Non, je ne regrette rien de tout cela. Ni les outrages ni la déportation [1]. Tels sont les jours ! On ne se révolte pas contre le destin.

Aujourd’hui les premiers sentiments qu’éveille l’évocation de l’Andalousie, sont en relation avec son nom même, et sa situation géographique. Son nom évoque déjà en moi le paradoxe. On dit qu’il viendrait de ce qu’elle fut la terre des Vandales. Or cette étymologie possède une connotation négative, d’autant plus que les vandales ne sont restés en Espagne que quelques années (411-429 après J.C.) avant de se rendre en Afrique du Nord où ils n’eurent pas non plus le temps de prendre racine. L’étymologie qui la rattache à l’Atlantide me paraît plus sérieuse [2]. Cette origine fait rêver. Les berbères auront ainsi perdu l’Atlantide pour la deuxième fois. Il faut en effet rappeler que dans les monnaies qui furent frappées en Andalousie cinq ans après l’occupation de la contrée par les troupes venues d’Afrique du Nord, figurait la mention, en latin de Spania, et en arabe d’Andalus. Ce dernier nom n’était donc pas celui que les autochtones donnaient à leur pays. Il provenait sûrement d’une information donnée par les Berbères. Première injustice à réparer.
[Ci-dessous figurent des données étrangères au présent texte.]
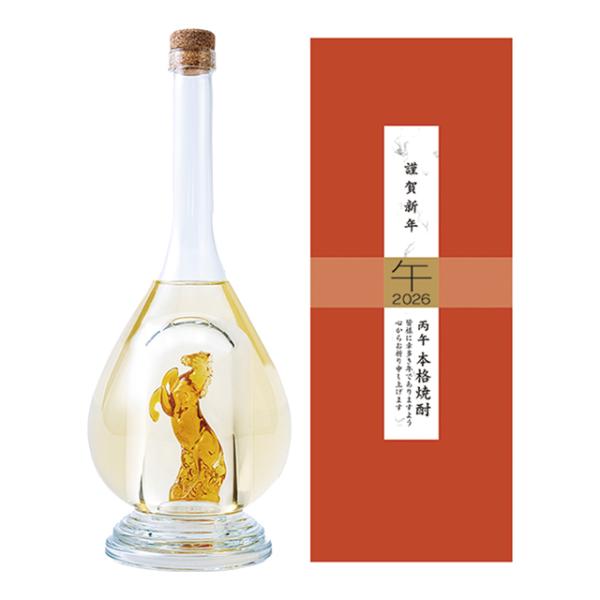 数量限定予約品 11月下旬より出荷予定☆八鹿酒造 2026年 干支ボトル 午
Sa situation géographique la fait correspondre aussi à un lieu métaphysique. Elle est l’Orient de l’Occident, et l’Occident de l’Orient. Elle se situe à la rencontre de deux opposés, elle est la coincidencia oppositorum. Et si je dis que cette situation géographique est aussi une position métaphysique, c’est parce que je n’hésite pas à prononcer à son sujet le mot intermonde, mot par lequel Henry Corbin, l’éminent orientaliste bien connu, a rendu le terme arabe coranique, barzakh (« Ce qui unit et sépare » dit Ibn ‘Arabî). Autant dire que c’est un monde où l’on n’est ni occidental ni oriental. Lieu de rencontre, mais aussi et pour cette même raison lieu de conflit. Mais où le « vainqueur » a intérêt à ne pas vaincre par écrasement, s’il ne veut pas souffrir de sa solitude. Car l’Andalousie ne peut être que lieu d’harmonie. Les taureaux de la Corrida sont autant de sacrifices accomplis par le torero, héros des espagnols,  pour rendre à son pays la sérénité. Quête impossible !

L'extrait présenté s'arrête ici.